There is a difference between leadership and management. You may be a workplace manager, but not necessarily a workforce leader. You may even have supervisory responsibility of employees, but that doesn’t automatically make you a leader.
Leaders differ with managers in that they posses and practice qualities that allow them to succeed in motivating people. They don’t just manage projects; they lead people in the accomplishment of those projects.

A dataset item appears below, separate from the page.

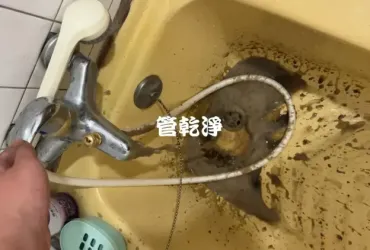 龍頭發現石油... 桃園 龍潭 百年二街 清洗水管 (管乾淨)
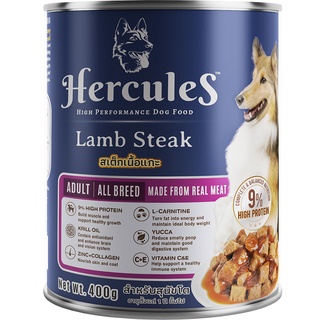 เฮอร์คิวลิสสเต็กแกะในน้ำเกรวี่ 400 ก.HERCULES LAMB STEAK IN GRAVY 400 G.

So if you want to transform your workplace management role into successful workforce leadership results, consider incorporating these ten qualities into your work:
1.) Love– The greatest need in leadership is a love for people. The leader is one who believes in people and truly like being with people. They have a sincere desire to inspire and motivate people in personal and professional development. Successful leaders understand that people don’t care how much they know, until they know how much they care.
2.) Enthusiasm– Ralph Waldo Emerson has said, “Nothing great is ever achieved without enthusiasm.” The leader permeates with a confident excitement about the tasks at hand. They have a noticeable enjoyment for life and its daily challenges. Leaders are enthusiastic about what they are doing, where they are doing it, and with whom they are with.
3.) Attitude– Attitude is the power of influence. It determines a negative or positive impact upon others. The successful leader has made the decision to maintain a positive mindset toward people and business. Leaders know that a positive mental attitude attracts the best efforts of others.
4.) Discipline– The secret of achievement is self-discipline. Leaders practice, both mentally and physically, through relentless repetition, those attitudes and actions necessary for success regardless of ease or feeling.
5.) Energy– Dr. Hans Diehl states, “Health is not everything, but without it, everything is nothing.” Likewise, successful leaders know their success is dependent on their own level of energy to perform. Leaders invest in personal wellness plans and professional time management strategies to support their performance and productivity.
6.) Responsibility– Successful leaders live by the motto on the plaque that stood on President Harry Truman’s desk, “The buck stops here.” They welcome responsibility as opportunity. They recognize the meaning of the word as the ‘ability to respond,’ as they always do.
7.) Steadfastness– The mark of leadership is steadfastness of purpose. Successful leaders are driven by the courage of determination to stay true to their mission. Leaders have banned from their vocabulary ‘can’t,’ ‘but,’ and ‘if.’ Successful leaders persevere in casting the vision, defining integrity, and communicating the course.
8.) Hope– Napoleon Bonaparte said, “A leader is a dealer in hope.” Hope in a dream, a goal, and its benefits realized, is the single most motivating factor for action. Successful leaders know how to communicate hope to their team. They know it is the key to inspiring harmony, spreading optimism, creating perseverance, and increasing enthusiasm.
9.) Initiative– Andrew Carnegie said, “The people who get ahead do the things that should be done without being told. And they don’t stop there. They go the extra mile and do much more than is expected of them.” Successful leaders lead by their own personal initiative and that influence enjoys the benefits of its contagious results.
10.) Passion– W. Eugene Smith says, “Passion is in all great searches and is necessary to all creative endeavors.” Leaders enjoy success because they have emotional investments in their personal and corporate missions. They understand that their organization is merely a lengthened shadow of their own passion for excellence, quality, or service.